Input material:

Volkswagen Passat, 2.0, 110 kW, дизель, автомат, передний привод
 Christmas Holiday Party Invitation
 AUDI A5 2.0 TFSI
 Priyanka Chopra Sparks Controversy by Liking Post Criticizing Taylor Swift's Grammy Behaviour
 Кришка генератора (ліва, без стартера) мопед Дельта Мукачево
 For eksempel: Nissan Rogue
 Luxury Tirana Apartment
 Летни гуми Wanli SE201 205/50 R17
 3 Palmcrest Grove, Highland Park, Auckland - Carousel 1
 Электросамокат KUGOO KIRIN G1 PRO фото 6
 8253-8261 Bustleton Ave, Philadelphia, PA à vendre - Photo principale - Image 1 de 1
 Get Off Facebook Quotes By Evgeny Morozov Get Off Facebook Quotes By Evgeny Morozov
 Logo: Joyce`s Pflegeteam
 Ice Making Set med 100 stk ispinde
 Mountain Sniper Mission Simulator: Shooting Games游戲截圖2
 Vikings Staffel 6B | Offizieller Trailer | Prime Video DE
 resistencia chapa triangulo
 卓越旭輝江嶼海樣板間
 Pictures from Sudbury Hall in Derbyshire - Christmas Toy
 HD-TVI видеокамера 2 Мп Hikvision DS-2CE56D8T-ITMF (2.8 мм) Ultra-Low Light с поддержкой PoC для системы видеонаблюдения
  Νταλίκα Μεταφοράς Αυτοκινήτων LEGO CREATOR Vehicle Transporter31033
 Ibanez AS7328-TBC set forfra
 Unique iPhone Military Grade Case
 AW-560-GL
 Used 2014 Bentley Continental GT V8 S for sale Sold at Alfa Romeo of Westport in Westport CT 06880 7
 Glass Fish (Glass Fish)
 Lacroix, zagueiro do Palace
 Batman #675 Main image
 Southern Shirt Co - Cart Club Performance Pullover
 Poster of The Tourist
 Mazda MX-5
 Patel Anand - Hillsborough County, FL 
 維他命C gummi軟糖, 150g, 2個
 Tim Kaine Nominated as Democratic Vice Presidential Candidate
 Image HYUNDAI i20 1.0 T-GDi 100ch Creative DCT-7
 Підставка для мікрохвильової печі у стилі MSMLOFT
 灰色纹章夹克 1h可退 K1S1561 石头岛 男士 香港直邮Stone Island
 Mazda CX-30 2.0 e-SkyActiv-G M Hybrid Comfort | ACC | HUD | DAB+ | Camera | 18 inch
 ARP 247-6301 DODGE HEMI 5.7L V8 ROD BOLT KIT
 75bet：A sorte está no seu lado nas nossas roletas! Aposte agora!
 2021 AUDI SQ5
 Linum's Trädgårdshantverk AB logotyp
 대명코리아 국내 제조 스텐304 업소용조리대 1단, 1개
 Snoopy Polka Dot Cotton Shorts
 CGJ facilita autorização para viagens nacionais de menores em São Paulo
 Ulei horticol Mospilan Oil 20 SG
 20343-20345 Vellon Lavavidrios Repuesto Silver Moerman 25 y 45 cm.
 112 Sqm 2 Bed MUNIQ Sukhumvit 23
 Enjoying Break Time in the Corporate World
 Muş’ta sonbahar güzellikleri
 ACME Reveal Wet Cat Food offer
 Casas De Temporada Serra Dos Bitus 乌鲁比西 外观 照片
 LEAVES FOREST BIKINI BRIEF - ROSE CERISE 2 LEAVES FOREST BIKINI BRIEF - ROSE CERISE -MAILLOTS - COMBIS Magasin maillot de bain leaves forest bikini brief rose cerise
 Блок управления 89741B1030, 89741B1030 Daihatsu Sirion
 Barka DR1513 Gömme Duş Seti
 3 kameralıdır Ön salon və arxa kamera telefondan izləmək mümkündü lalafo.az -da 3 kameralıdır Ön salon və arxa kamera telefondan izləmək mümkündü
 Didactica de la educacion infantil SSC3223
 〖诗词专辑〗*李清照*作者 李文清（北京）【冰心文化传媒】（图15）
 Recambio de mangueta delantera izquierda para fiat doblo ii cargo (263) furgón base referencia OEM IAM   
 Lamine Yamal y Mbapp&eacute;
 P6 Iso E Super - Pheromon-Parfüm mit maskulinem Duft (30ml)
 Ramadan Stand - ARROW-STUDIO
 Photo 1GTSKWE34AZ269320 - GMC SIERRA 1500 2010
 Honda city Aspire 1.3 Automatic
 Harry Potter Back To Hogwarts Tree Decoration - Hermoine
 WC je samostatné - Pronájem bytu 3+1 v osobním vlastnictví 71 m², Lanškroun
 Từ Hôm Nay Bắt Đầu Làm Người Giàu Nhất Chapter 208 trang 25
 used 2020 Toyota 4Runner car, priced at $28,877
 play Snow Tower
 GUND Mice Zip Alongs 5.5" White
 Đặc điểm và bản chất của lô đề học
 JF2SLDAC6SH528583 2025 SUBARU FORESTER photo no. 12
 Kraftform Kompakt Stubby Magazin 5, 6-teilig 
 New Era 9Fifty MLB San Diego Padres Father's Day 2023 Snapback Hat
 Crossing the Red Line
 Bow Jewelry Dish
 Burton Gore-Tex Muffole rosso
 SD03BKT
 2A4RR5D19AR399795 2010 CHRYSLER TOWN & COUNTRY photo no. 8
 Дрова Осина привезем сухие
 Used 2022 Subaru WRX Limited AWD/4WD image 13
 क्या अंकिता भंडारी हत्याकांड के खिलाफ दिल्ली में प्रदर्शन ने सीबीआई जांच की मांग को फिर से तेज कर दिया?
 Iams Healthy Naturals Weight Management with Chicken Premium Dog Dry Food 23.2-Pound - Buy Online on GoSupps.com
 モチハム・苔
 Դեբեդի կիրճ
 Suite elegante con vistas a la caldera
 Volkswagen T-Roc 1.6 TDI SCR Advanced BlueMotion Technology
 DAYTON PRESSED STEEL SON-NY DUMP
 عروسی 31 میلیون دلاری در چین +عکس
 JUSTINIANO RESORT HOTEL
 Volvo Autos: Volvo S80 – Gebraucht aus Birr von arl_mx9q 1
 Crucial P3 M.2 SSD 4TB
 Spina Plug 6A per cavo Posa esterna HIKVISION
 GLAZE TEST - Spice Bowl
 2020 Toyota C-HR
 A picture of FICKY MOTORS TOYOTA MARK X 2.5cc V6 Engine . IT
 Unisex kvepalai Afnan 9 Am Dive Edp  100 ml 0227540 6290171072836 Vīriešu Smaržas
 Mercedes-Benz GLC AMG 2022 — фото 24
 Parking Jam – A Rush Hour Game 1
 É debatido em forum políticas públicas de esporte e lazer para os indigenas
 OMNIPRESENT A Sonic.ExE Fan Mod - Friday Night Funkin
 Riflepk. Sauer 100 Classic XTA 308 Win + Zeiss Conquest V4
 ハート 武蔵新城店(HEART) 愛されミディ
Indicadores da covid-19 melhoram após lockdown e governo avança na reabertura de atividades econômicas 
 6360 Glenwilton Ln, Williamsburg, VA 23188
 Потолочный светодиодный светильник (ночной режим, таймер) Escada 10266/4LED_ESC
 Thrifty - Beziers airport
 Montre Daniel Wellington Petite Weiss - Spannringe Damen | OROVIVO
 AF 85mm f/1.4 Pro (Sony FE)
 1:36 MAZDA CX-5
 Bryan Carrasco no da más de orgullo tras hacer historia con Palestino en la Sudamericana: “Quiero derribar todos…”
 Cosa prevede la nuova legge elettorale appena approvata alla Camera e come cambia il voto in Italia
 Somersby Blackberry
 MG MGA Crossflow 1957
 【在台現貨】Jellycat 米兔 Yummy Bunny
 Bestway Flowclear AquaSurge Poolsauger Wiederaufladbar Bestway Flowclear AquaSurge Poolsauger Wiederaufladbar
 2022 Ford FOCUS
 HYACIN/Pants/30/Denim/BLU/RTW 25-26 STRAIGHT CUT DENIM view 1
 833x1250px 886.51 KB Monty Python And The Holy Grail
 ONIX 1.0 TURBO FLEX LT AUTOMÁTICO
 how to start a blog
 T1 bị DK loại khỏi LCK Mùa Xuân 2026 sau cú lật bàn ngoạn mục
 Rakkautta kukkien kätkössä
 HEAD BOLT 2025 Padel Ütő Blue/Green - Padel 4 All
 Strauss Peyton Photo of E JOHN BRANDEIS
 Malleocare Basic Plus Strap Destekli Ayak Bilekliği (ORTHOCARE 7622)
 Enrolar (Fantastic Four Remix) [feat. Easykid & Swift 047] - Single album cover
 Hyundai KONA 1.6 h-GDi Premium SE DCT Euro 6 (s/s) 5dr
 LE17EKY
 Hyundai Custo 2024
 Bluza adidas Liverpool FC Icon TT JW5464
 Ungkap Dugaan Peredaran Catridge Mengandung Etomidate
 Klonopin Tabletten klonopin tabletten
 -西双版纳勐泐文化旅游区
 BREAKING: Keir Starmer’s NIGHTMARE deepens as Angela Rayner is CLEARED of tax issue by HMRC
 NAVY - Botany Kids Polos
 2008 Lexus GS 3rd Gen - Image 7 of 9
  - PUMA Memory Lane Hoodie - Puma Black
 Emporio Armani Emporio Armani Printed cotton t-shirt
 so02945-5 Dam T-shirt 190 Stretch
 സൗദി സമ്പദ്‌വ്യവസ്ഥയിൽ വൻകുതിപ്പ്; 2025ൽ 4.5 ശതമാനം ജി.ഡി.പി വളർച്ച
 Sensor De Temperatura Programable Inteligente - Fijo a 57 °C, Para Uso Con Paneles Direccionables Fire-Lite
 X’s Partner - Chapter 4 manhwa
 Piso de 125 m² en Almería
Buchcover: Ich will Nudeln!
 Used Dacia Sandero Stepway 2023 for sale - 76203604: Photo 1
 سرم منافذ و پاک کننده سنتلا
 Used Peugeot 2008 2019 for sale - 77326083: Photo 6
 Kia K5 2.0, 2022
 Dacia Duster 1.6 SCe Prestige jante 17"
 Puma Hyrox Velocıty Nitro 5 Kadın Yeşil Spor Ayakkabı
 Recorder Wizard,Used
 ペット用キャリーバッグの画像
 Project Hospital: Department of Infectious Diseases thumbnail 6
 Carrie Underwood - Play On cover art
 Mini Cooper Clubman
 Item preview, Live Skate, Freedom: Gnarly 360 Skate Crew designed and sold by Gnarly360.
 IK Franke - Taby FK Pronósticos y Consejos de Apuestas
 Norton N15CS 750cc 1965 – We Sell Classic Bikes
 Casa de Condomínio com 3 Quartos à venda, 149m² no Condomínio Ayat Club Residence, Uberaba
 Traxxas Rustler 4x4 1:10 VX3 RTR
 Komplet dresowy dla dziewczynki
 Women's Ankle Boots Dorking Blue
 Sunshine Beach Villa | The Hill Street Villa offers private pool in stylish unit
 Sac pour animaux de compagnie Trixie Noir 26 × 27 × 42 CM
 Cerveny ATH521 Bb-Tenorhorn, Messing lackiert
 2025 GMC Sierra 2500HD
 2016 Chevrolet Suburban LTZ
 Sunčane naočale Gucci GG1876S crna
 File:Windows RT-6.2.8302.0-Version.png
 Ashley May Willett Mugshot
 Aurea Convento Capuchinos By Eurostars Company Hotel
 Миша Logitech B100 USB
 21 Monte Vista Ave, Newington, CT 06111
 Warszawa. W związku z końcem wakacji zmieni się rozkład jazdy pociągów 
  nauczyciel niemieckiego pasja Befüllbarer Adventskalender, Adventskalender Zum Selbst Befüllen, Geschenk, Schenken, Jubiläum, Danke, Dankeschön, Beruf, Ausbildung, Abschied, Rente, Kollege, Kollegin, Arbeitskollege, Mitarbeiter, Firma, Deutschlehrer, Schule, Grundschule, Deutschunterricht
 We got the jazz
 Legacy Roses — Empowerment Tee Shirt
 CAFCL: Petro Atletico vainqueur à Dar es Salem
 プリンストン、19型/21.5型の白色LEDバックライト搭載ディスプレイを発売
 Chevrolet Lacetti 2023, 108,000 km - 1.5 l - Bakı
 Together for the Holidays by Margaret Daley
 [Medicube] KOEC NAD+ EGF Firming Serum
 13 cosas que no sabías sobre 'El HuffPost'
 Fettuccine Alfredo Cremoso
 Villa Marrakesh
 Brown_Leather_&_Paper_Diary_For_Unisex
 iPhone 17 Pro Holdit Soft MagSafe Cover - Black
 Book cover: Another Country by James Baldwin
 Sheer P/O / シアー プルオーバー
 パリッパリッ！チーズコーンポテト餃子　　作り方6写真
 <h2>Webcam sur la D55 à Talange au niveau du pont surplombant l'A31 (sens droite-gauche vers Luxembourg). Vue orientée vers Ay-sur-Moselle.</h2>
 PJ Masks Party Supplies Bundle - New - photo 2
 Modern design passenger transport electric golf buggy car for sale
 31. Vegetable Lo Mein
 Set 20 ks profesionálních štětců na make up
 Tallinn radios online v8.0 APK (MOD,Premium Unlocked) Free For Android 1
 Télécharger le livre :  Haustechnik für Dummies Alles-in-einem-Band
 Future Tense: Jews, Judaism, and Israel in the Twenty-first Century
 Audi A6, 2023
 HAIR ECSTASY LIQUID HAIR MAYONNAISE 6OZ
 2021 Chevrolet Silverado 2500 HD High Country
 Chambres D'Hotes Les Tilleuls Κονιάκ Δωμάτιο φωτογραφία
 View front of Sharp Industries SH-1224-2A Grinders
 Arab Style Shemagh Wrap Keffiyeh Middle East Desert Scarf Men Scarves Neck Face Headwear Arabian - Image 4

Exercise description:
Each line above from the one with "- PUMA Memory Lane Hoodie - Puma Black" up to and including the one with "Buchcover: Ich will Nudeln!" must be set down exactly, and no line outside that span may appear.

Problem solution:
  - PUMA Memory Lane Hoodie - Puma Black
 Emporio Armani Emporio Armani Printed cotton t-shirt
 so02945-5 Dam T-shirt 190 Stretch
 സൗദി സമ്പദ്‌വ്യവസ്ഥയിൽ വൻകുതിപ്പ്; 2025ൽ 4.5 ശതമാനം ജി.ഡി.പി വളർച്ച
 Sensor De Temperatura Programable Inteligente - Fijo a 57 °C, Para Uso Con Paneles Direccionables Fire-Lite
 X’s Partner - Chapter 4 manhwa
 Piso de 125 m² en Almería
Buchcover: Ich will Nudeln!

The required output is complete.